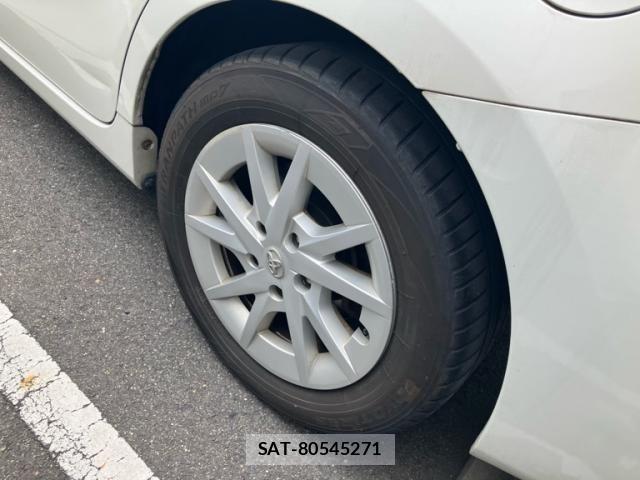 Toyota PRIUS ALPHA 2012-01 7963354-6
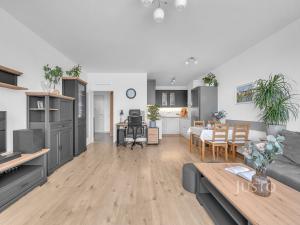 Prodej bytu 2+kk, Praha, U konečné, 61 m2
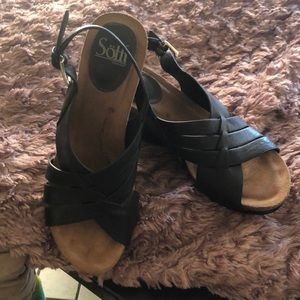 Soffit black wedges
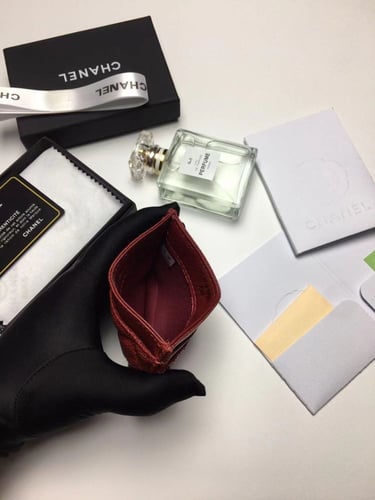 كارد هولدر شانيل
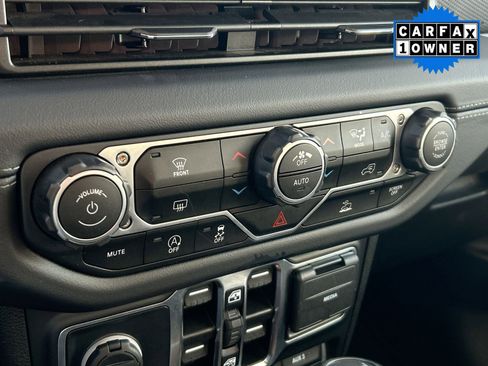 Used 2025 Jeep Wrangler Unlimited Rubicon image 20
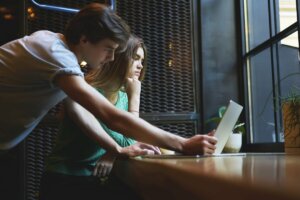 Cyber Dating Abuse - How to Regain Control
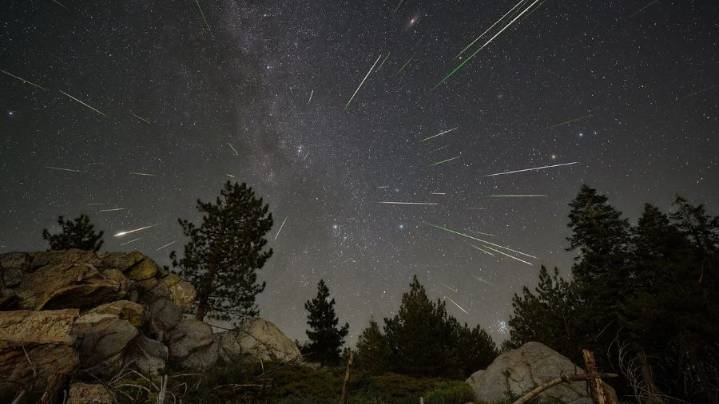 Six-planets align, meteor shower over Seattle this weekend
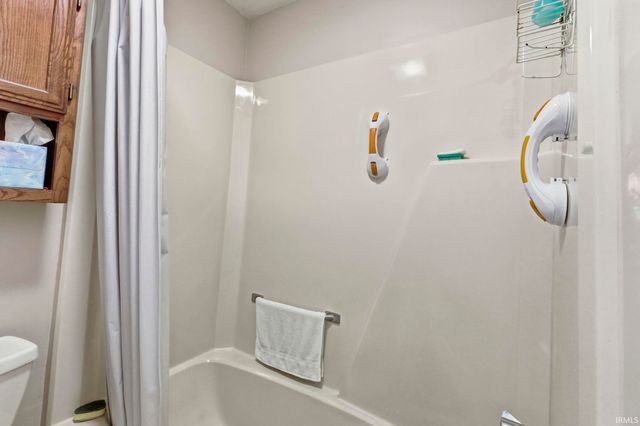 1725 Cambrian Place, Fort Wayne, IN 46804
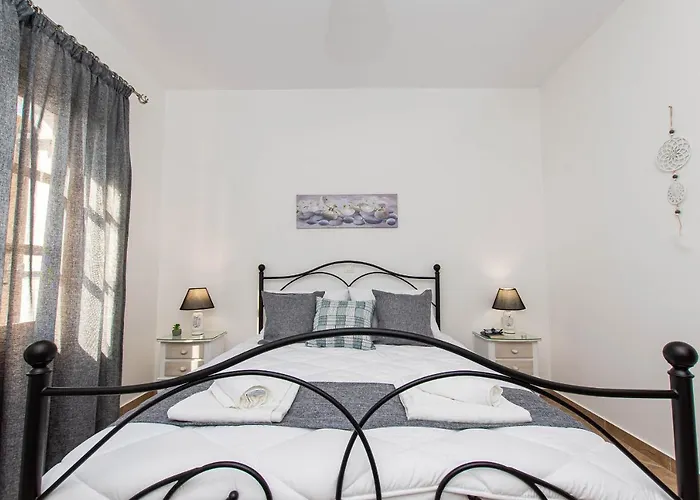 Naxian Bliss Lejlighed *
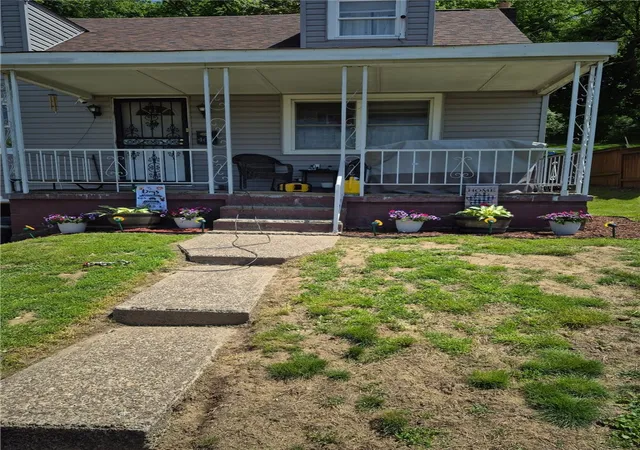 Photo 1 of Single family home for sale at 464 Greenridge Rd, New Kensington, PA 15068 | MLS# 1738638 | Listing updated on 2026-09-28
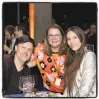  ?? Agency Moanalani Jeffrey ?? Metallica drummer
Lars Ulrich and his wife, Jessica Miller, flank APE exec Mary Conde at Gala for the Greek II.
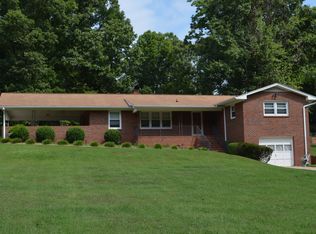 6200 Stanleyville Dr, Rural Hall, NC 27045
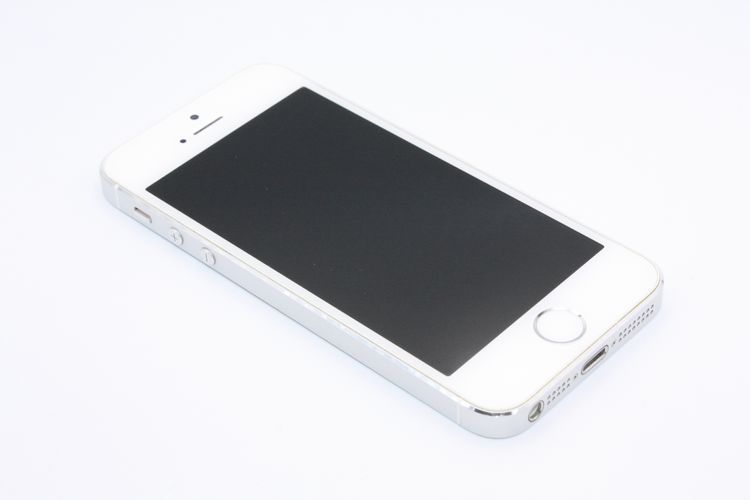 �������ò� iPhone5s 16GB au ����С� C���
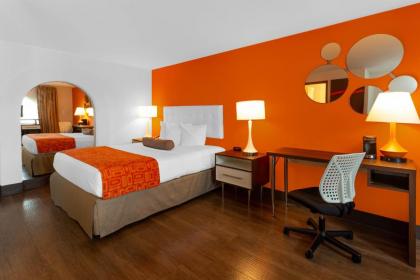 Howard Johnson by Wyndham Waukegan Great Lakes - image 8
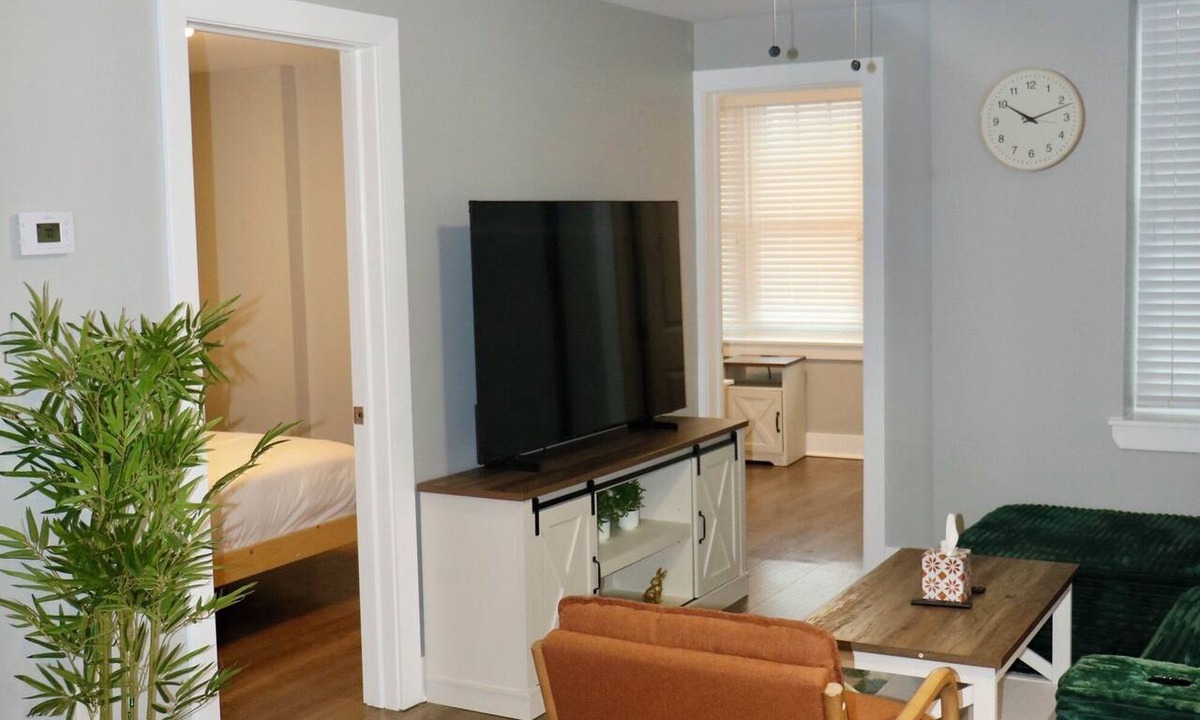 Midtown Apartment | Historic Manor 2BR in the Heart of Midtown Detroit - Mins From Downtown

**What this task involves**
The answer is the run of lines from the one with "Lars Ulrich and" through the final line of the data, copied exactly, and nothing else; no pictures.

**The answer**
Lars Ulrich and his wife, Jessica Miller, flank APE exec Mary Conde at Gala for the Greek II.
 6200 Stanleyville Dr, Rural Hall, NC 27045
 �������ò� iPhone5s 16GB au ����С� C���
 Howard Johnson by Wyndham Waukegan Great Lakes - image 8
 Midtown Apartment | Historic Manor 2BR in the Heart of Midtown Detroit - Mins From Downtown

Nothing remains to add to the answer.